**DATA LISTING**
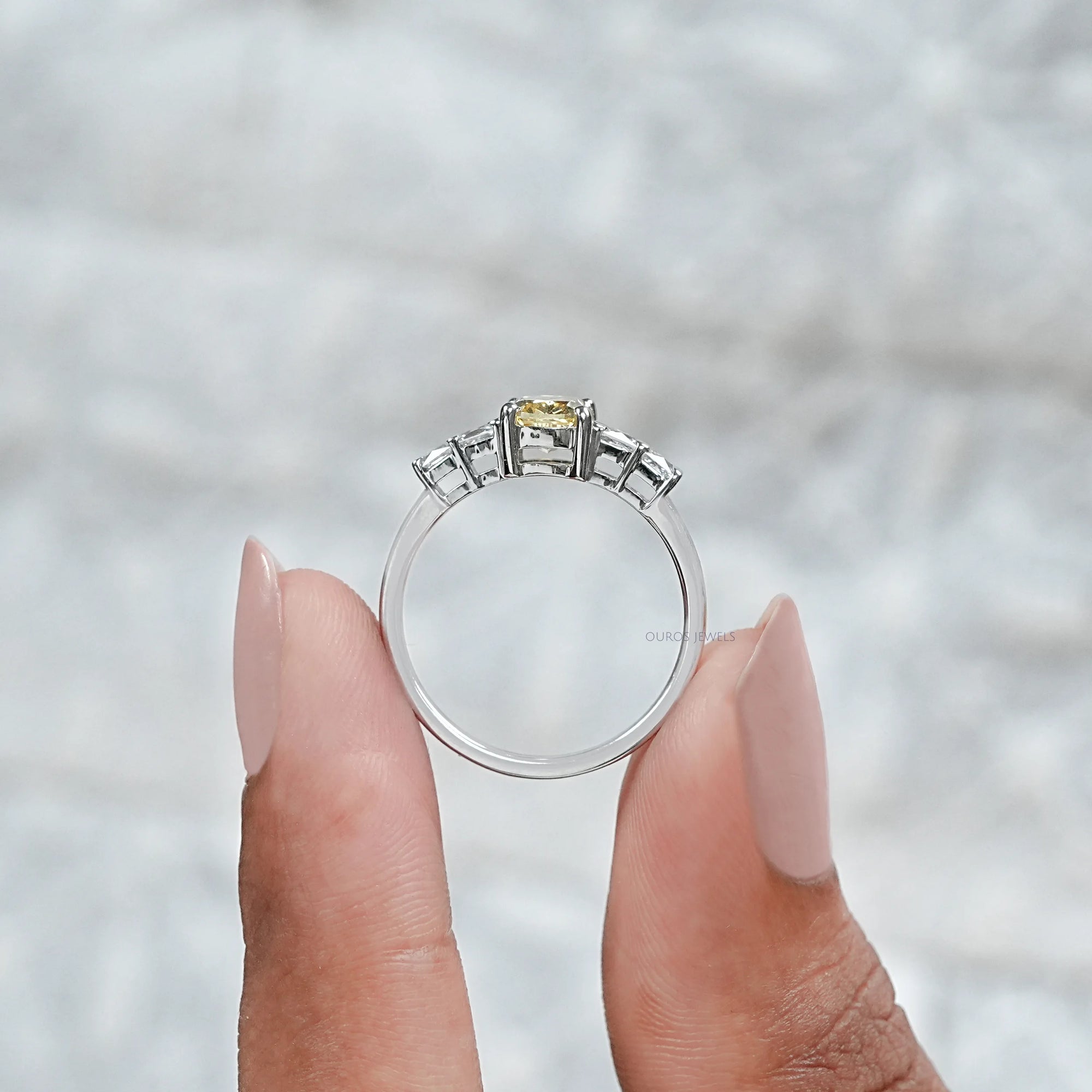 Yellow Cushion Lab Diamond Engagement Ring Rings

* * *

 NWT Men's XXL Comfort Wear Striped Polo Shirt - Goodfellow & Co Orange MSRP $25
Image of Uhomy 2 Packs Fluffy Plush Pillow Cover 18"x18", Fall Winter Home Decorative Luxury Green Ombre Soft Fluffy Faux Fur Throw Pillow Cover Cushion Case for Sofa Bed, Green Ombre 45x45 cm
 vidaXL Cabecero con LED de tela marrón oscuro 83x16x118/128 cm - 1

**TASK**
Give back, word for word, only the lines above from the line holding "Image of Uhomy" to the line holding "vidaXL Cabecero con", both included.

**RESULT BELOW**
Image of Uhomy 2 Packs Fluffy Plush Pillow Cover 18"x18", Fall Winter Home Decorative Luxury Green Ombre Soft Fluffy Faux Fur Throw Pillow Cover Cushion Case for Sofa Bed, Green Ombre 45x45 cm
 vidaXL Cabecero con LED de tela marrón oscuro 83x16x118/128 cm - 1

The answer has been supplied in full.